La Cassazione invece è andata oltre. Anziché limitarsi a un rigoroso controllo di legittimità della sentenza di Palermo, rigettando anche la richiesta di ulteriori approfondimenti, ignorando addirittura il contributo di conoscenza offerto da Napolitano, riconducendo “l’operazione Ciancimino” ad una normale attività di polizia giudiziaria, ricostruisce letteralmente fatti già accertati, arrivando “a sostenere che non c’è prova che il governo, anche uno solo della compagine governativa, abbia avuto consapevolezza del ricatto mafioso a suon di bombe e attentati” (pp.41). In sostanza, come nel caso dell’assoluzione di Dell’Utri, oltretutto si sarebbe assistito ad una parcellizzazione delle valutazioni, isolando i fatti gli uni dagli altri, “prassi diffusa quando non si vogliano assumere decisioni delicate che rischiano di diventare dirompenti” (pp.58). Proprio la prassi osteggiata da Falcone e Borsellino, i primi a capire “con il maxiprocesso, che spezzettare e atomizzare le indagini su singoli fatti criminosi aveva da sempre costituito un metodo fallimentare, favorendo l’impunità di mafiosi e loro complici” (pp.59).
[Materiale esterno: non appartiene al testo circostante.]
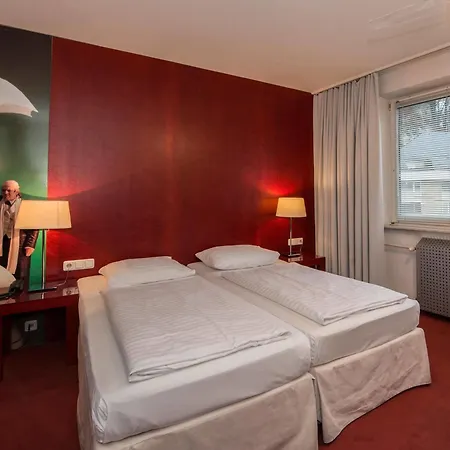Hotel Am Neutor Zentrum Salzburg
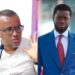 Justification de la transhumance politique : Oumar Sow tacle sévèrement Bassirou Diomaye Faye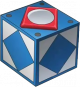Imagen artefacto Cubo D juego Danball Senki PSP.png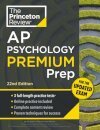 Princeton Review AP Psychology Premium Prep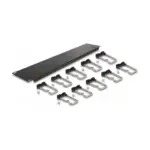 Serverinės spintos priedas DeLOCK 66919, vaizdas 3
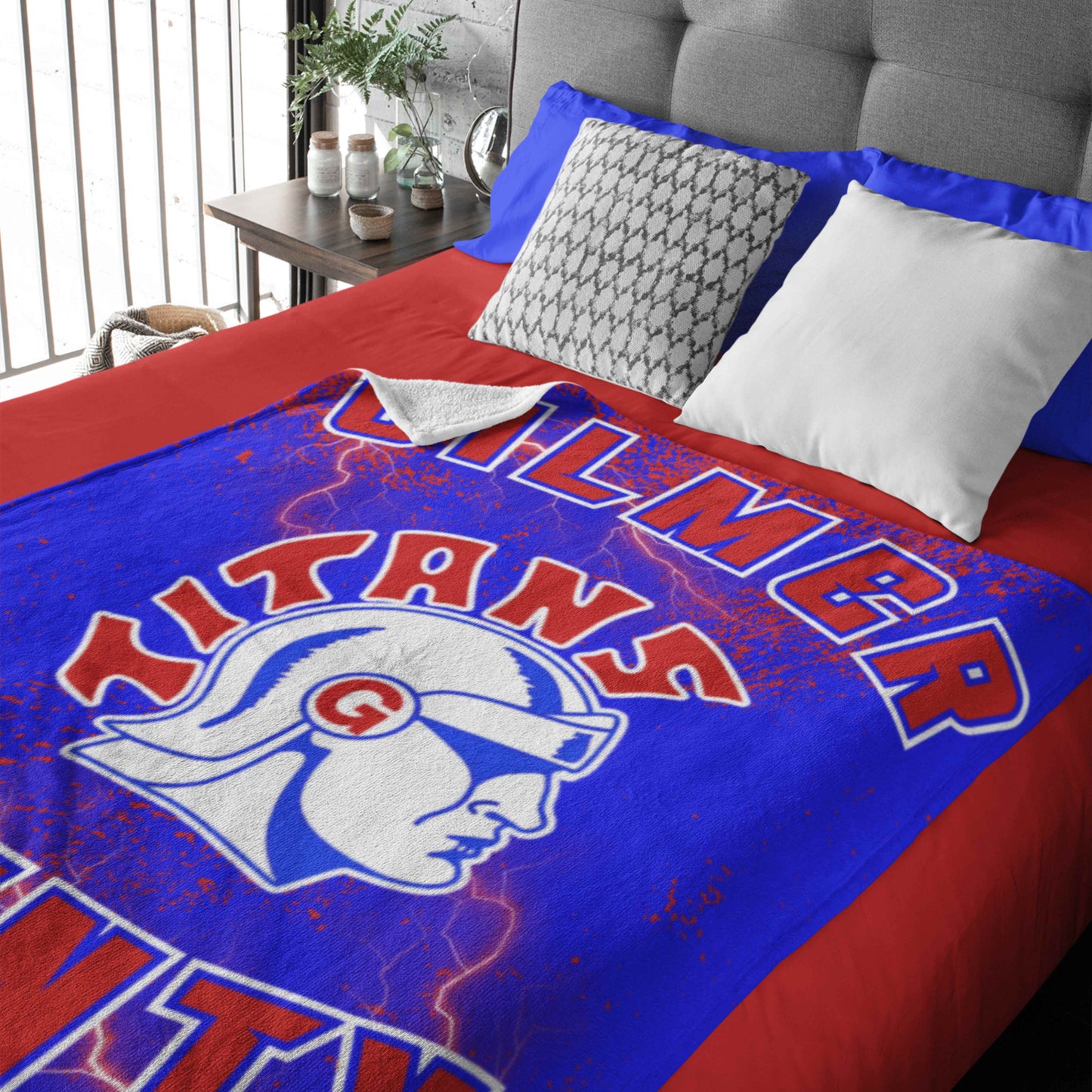 Gilmer County High School Volleyball Fundraiser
Invece un approccio di questo tipo, con l’accettazione del dialogo tra Ciancimino e Mori, secondo Di Matteo, rappresenterebbe un vero e proprio riconoscimento dell’autorità mafiosa da parte dello Stato. Opinione peraltro condivisa da tutti quei cittadini che fino ad ora non si sono fatti influenzare da quelle gogne mediatiche che hanno colpito per anni i pubblici ministeri del processo e che soprattutto, come ci ricorda Lodato, sono più che consapevoli del monito sottostante l’operato dei cortigiani: “Il Potere non si tocca, i potenti, anche se colpevoli, hanno da restare impuniti; i magistrati non possono spingersi oltre la cattura dei ladri di galline”.
Edizione esaminata e brevi note
Nino Di Matteo, (Palermo, 1961) è in magistratura dal 1991. Pubblico ministero prima a Caltanissetta e poi alla Procura della Repubblica di Palermo. Dal 2017 alla Direzione nazionale antimafia e antiterrorismo. Da ottobre 2019 è membro del CSM. Vive sotto scorta dal 1993. Si è occupato di molte delle più delicate indagini di mafia: dalle stragi del 1992 agli omicidi dei giudici Chinnici e Saetta, dai rapporti tra mafia e politica a Palermo all’inchiesta sulla trattativa Stato-Mafia.
Saverio Lodato, (Reggio Emilia, 1951), giornalista e saggista, è autore di libri fondamentali sulla Sicilia e sulla mafia, tra cui La mafia ha vinto (intervista/testamento di Tommaso Buscetta, Mondadori), La linea della palma (con Andrea Camilleri, Mondadori), Il ritorno del principe (con Roberto Scarpinato, Chiarelettere) e, in BUR, Quarant’anni di mafia.
Nino Di Matteo, Saverio Lodato, “Il colpo di spugna”, Fuoriscena, Milano 2024, pp. 112.